Klar ist aber auch: Am Ende trifft das Parlament die Entscheidung und übernimmt die Verantwortung für das politische Handeln.

Evaluation
Die Arbeit der von uns eingesetzten Bürgerräte sollte natürlich auch evaluiert werden. Es gilt fundiert herauszufinden, welche Stärken dieser Beteiligungsprozess hat und vielleicht auch, welche Hürden wir noch beseitigen müssen. Ich kann heute noch nicht sagen, ob das ein Erfolgsmodell wird. Wir sind aber offen für neue Formen der Beteiligung in unserem Land.

Zum Thema Beteiligung von Bürgerinnen und Bürger haben Sie vielleicht in unserem Koalitionsvertrag auch weitergelesen. Wir haben noch mehr vor:

• Wir wollen das Wahlalter für Landtagswahlen auf 16 absenken, umso mehr junge Menschen an unserer Demokratie zu beteiligen.

• Wir wollen auch die direkte Demokratie erleichtern. Dazu soll eine Fachkommission eingerichtet werden, die Vorschläge für die Absenkung von Hürden bei Volksbegehren auf Landesebene entwickelt.

Der Mix aus repräsentativer Demokratie, direkter Demokratie und Bürgerräten trägt dazu bei, unsere Demokratie einerseits zu stärken, aber auch zu modernisieren.

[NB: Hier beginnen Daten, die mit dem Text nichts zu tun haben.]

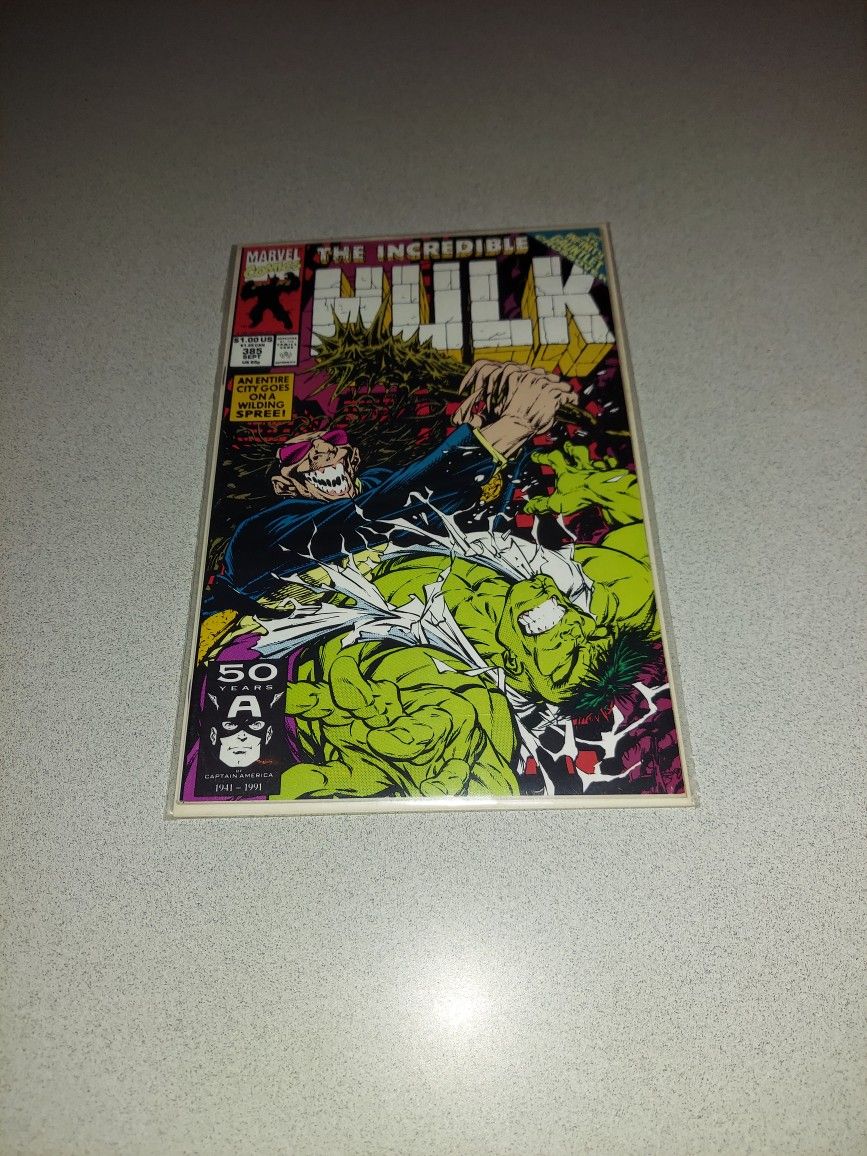 1991 THE INCREDIBLE HULK #385 COMIC BAGGED AND BOARDED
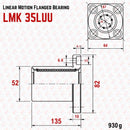 Abdul Traders technical drawing of MYT LMK 35LUU round flange linear bearing with dimensions for CNC machinery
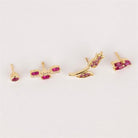 Dianora Piercing-14 Ayar Altın Pembe Baget Taşlı Minimal Tragus Piercing-Tragus Piercing-7-Milagron.com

Von einer „Räterepublik“ zu sprechen entbehrt da jeder Grundlage. Niemand will die Parlamente durch Bürgerräte ersetzen.

Kommen wir zum Schluss nochmal auf Ihren Antrag zu sprechen. In der Ausgangslage fabulieren Sie. Ich zitiere mit Erlaubnis des Präsidenten:

„Wenn eine AfD-geführte Regierung……..“  Das reicht schon. 

Ich bin froh, dass die übergroße Mehrheit der Wählerinnen und Wähler es nicht dazu kommen lässt, dass eine Regierung durch Ihre Partei geführt wird.

Der Überweisung in den Hauptausschuss stimmen wir selbstverständlich zu. Vielen Dank.